Oh, so, in the newest release, this works? And it didn't work in earlier versions? If that's the case, we can close this issue, since we (inadvertently) fixed this. I have no idea what caused this issue, but then again, I don't think I've ever used openTSNE with pandas directly. It would be a good idea to add a test for this actually.
@fsvbach Can you maybe post the exact error you received before? You should see a specific line that used to trigger the error.
This is the error message I get:
Traceback (most recent call last): File "/home/fsvbach/miniconda3/lib/python3.8/site-packages/pandas/core/indexes/base.py", line 3080, in get_loc return self._engine.get_loc(casted_key)
File "pandas/_libs/index.pyx", line 70, in pandas._libs.index.IndexEngine.get_loc
File "pandas/_libs/index.pyx", line 101, in pandas._libs.index.IndexEngine.get_loc
File "pandas/_libs/hashtable_class_helper.pxi", line 4554, in pandas._libs.hashtable.PyObjectHashTable.get_item
File "pandas/_libs/hashtable_class_helper.pxi", line 4562, in pandas._libs.hashtable.PyObjectHashTable.get_item
KeyError: 0
The above exception was the direct cause of the following exception:
Traceback (most recent call last):
File "/home/fsvbach/ML MSc/MISC/#Issue 182/minimalexample.py", line 32, in
tsne.fit(df) File "/home/fsvbach/miniconda3/lib/python3.8/site-packages/openTSNE/tsne.py", line 1219, in fit embedding = self.prepare_initial(X, affinities, initialization)
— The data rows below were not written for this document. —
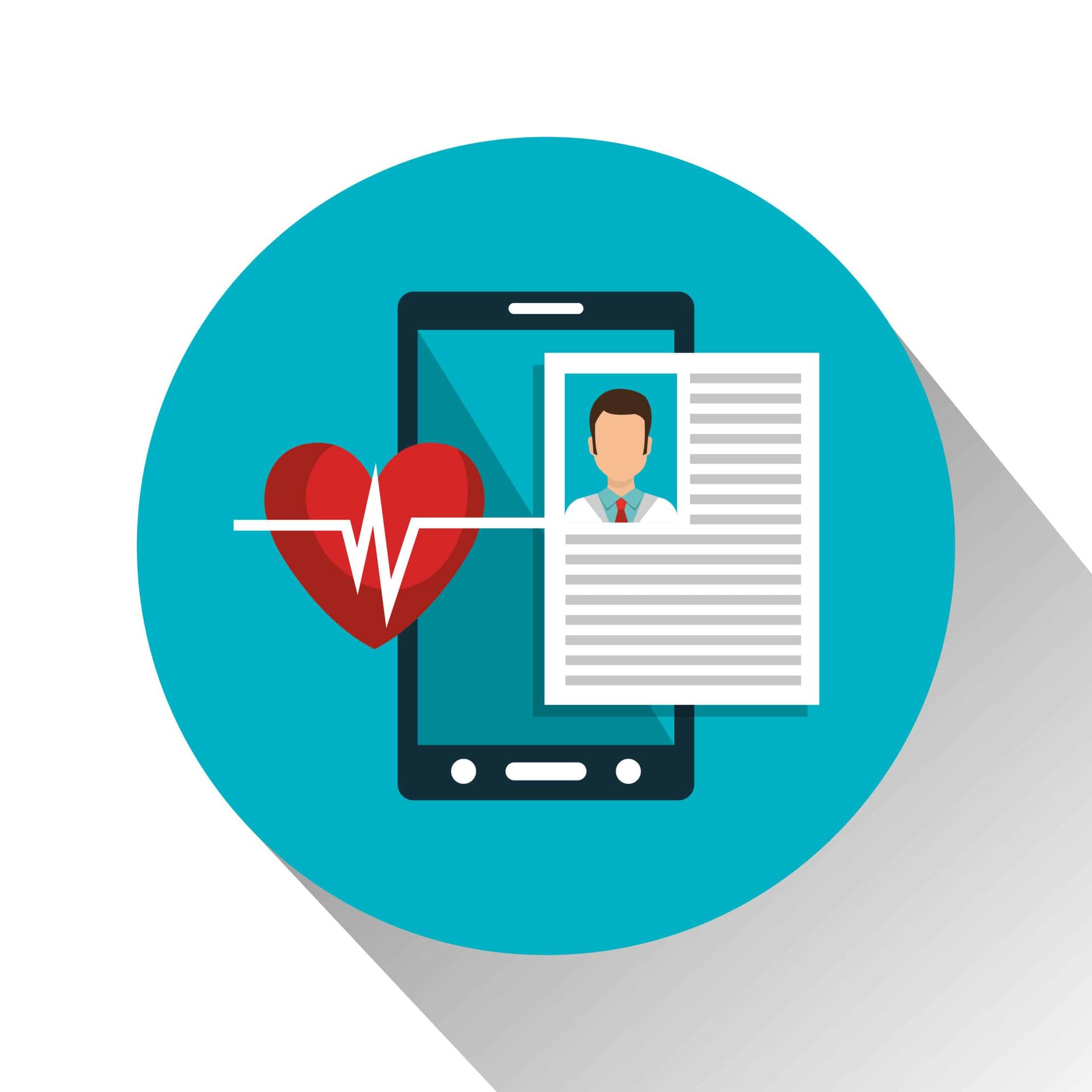 Blue circle with a mobile phone displaying a medical record, red heart, and EKG line.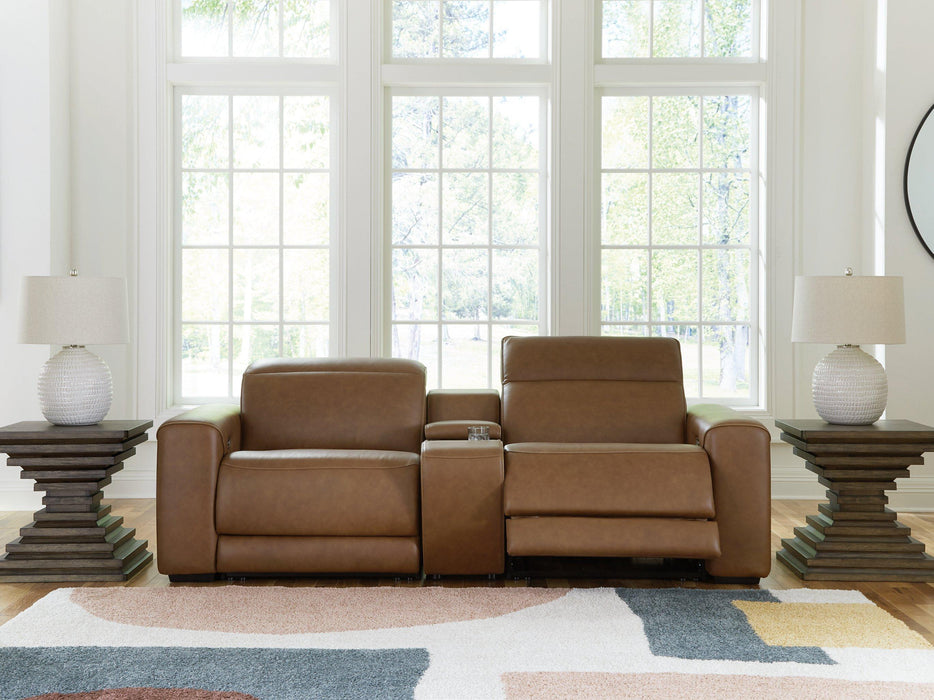 Magic Man Power Reclining Sectional Loveseat with Console - Vida Furniture (Laredo,TX)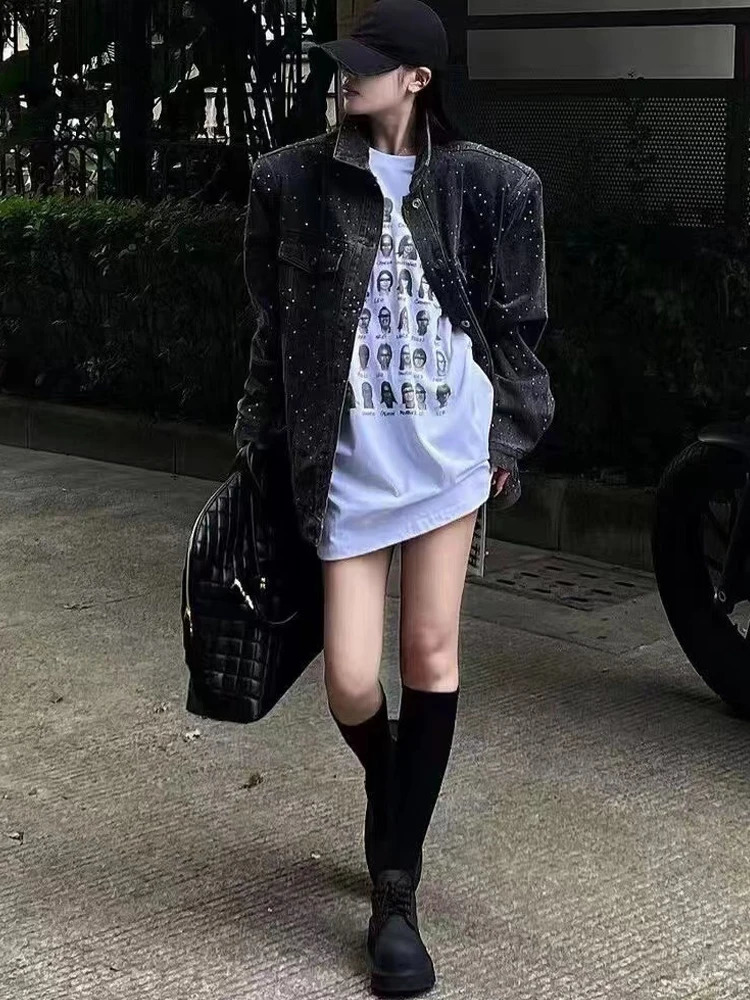 BKQU Rheinstone Shiny Jacket Womens Large Black Denim Jacket 2024 Fashion Collar Single Chest Long Sleeve Loose Jeans Jacket 241209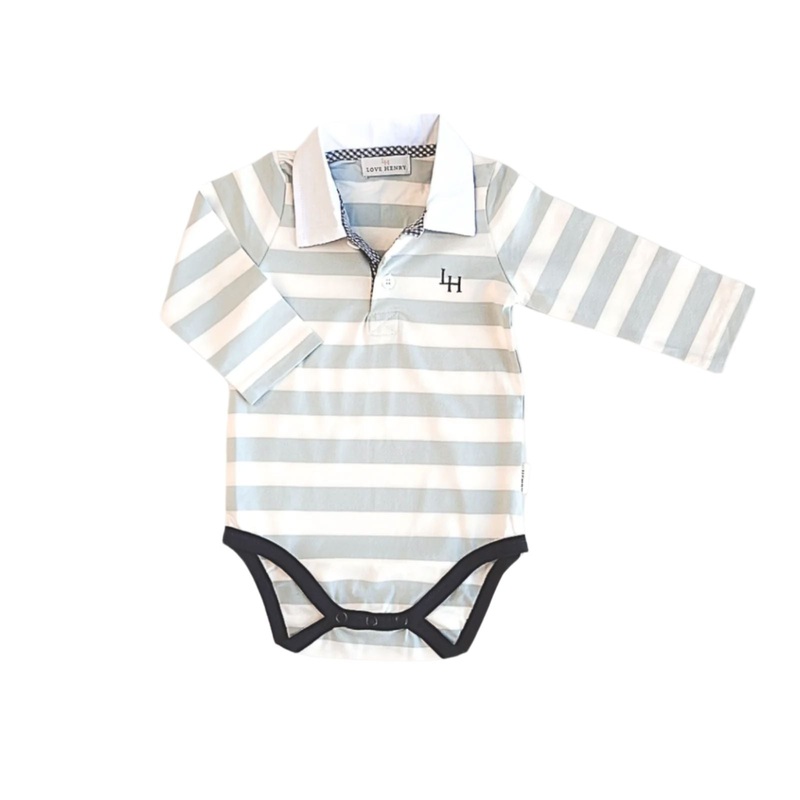 Love Henry - Baby Boys Freddie Polo Romper | Blue Stripe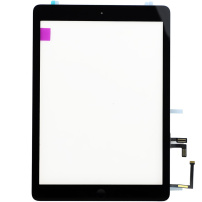 Przedni ekran dotykowy (touch screen) dla Apple iPad Air z przyciskiem Home Button i klejem - najwyższa jakość - czarny
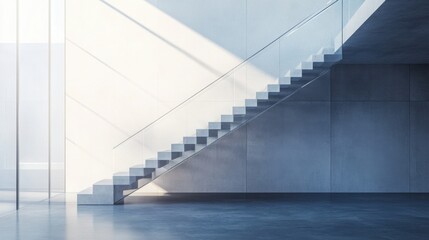 Obraz premium minimalist staircase in a modern office building, sleek glass railings, concrete steps, bright and open space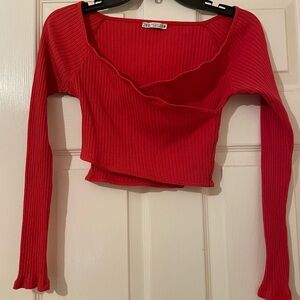 Zara Scarlet Ribbed Long Sleeve Blouse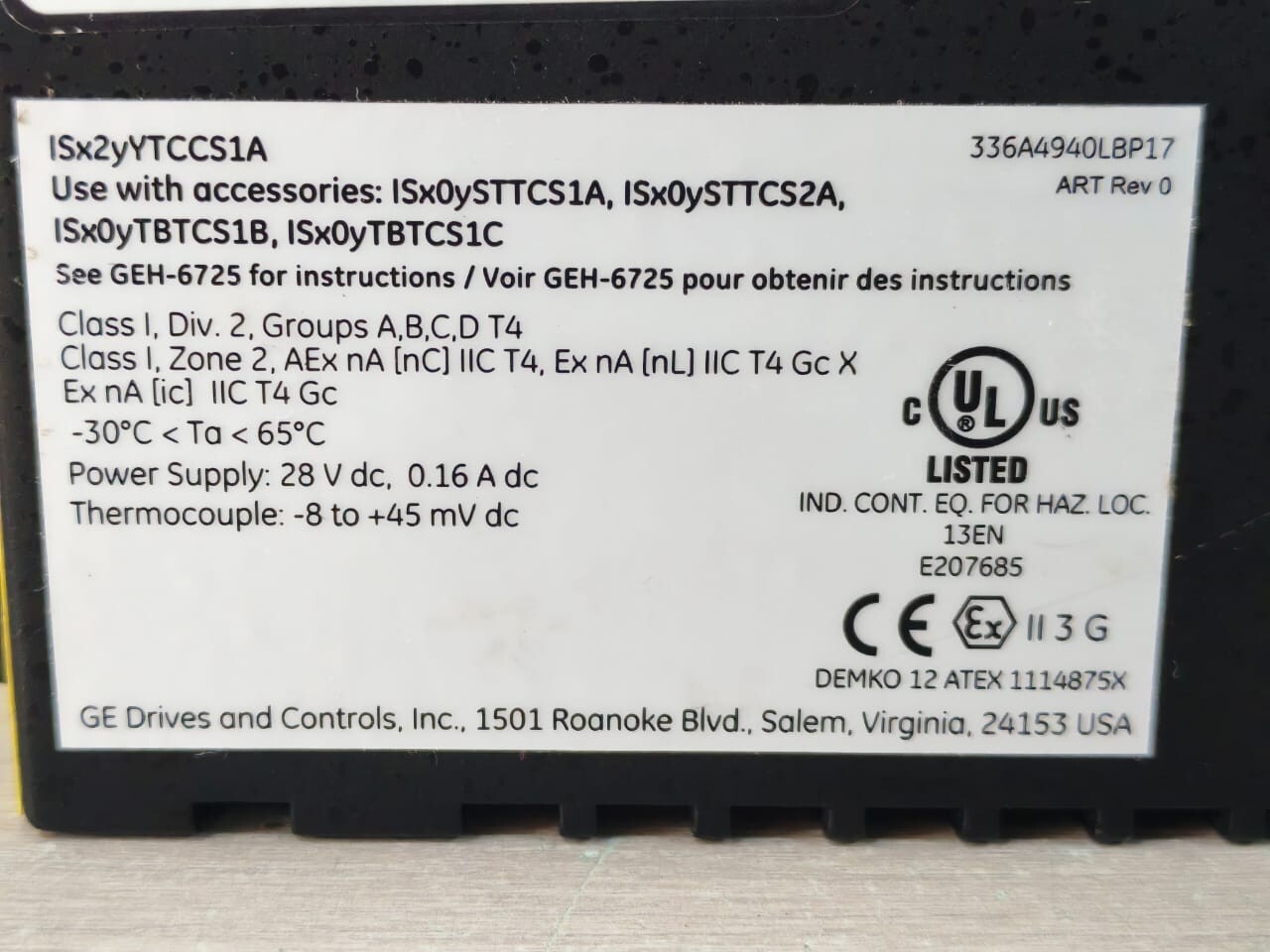GE ENERGY IS220YTCCS1AJ GE ENERGY IS220YTCCS1A/ IS220YTCCS1AJ THERMOCOUPLE 8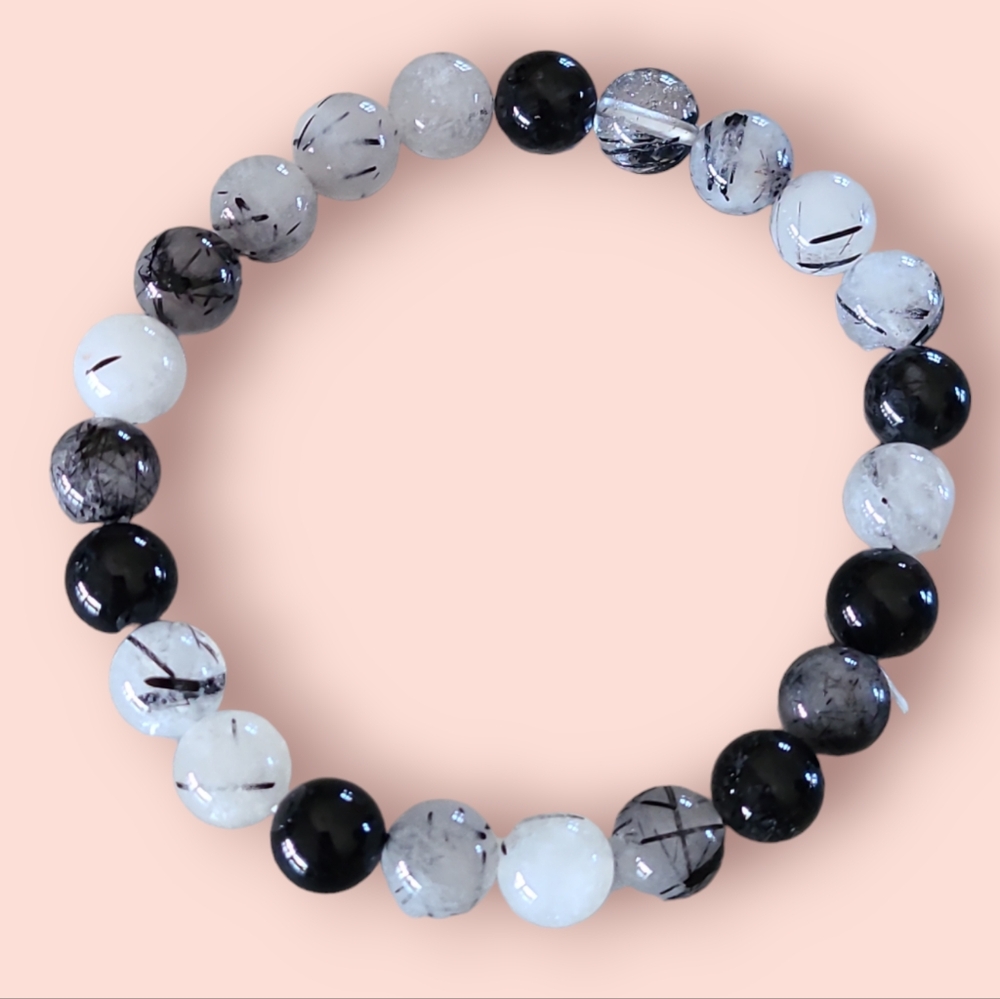 Rutilated Quartz Gemstone Bracelet Black/White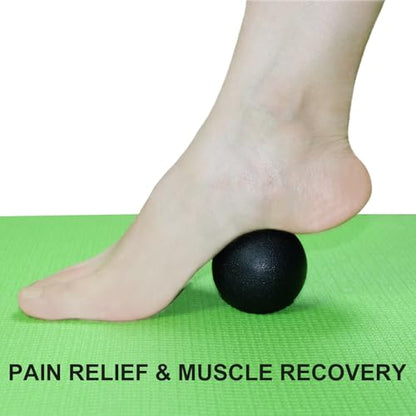 SIMPLECOOL Hard Massage Ball Lacrosse Ball Size Fascia Balls, 2 Pack, Black - color: Black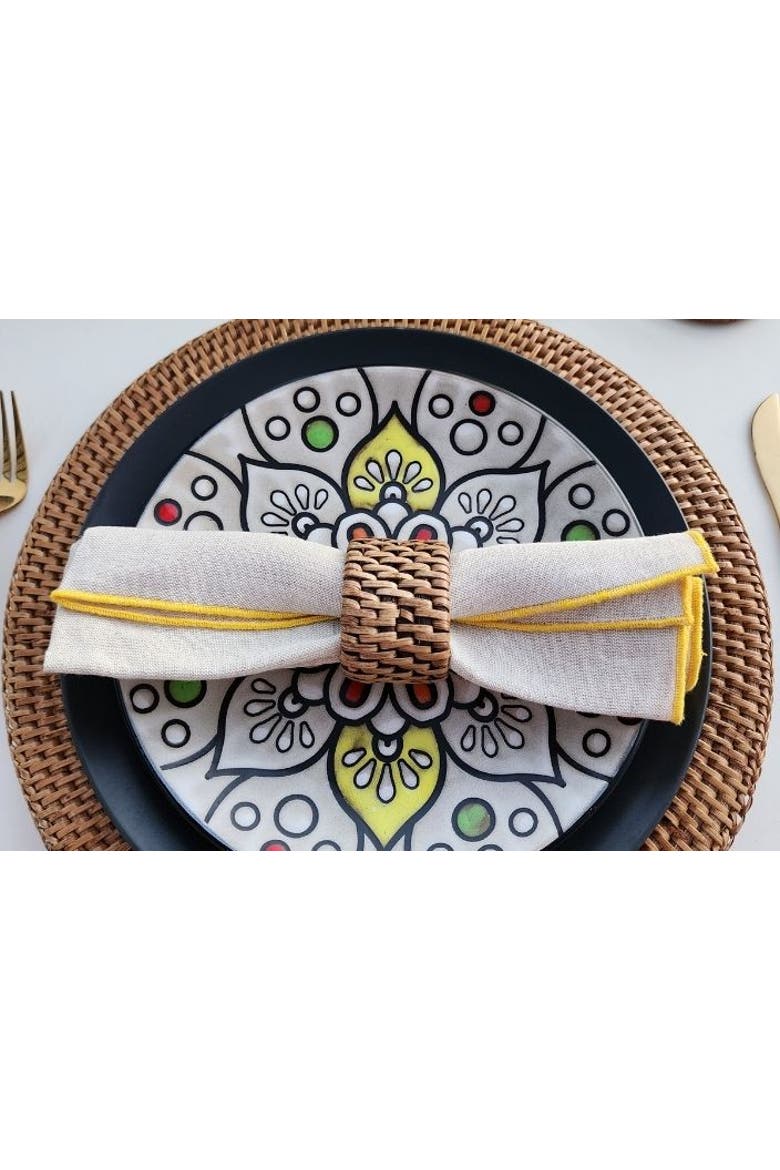 Artifacts Rattan Oval Napkin Rings - 6 piece set, Alternate, color, Honey Brown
File "/home/fsvbach/miniconda3/lib/python3.8/site-packages/openTSNE/tsne.py", line 1295, in prepare_initial affinities = PerplexityBasedNN(
File "/home/fsvbach/miniconda3/lib/python3.8/site-packages/openTSNE/affinity.py", line 187, in init self.neighbors, self.distances = self.knn_index.build()
File "/home/fsvbach/miniconda3/lib/python3.8/site-packages/openTSNE/nearest_neighbors.py", line 279, in build self.index.add_item(i, data[i])
File "/home/fsvbach/miniconda3/lib/python3.8/site-packages/pandas/core/frame.py", line 3024, in getitem indexer = self.columns.get_loc(key)
File "/home/fsvbach/miniconda3/lib/python3.8/site-packages/pandas/core/indexes/base.py", line 3082, in get_loc raise KeyError(key) from err
KeyError: 0
Wait, so this works now? I don't think this should be working. I don't remember touching that particular part of the code. It makes sense that it fails, since indexing a pandas dataframe like that will select the column with name 0. A fix would also be fairly trivial -- just use df.values
instead of df
.
Well, it is not fixed, as I updated in the post above (I had forgotten to comment out df = df.to_numpy() in which case it always had been working).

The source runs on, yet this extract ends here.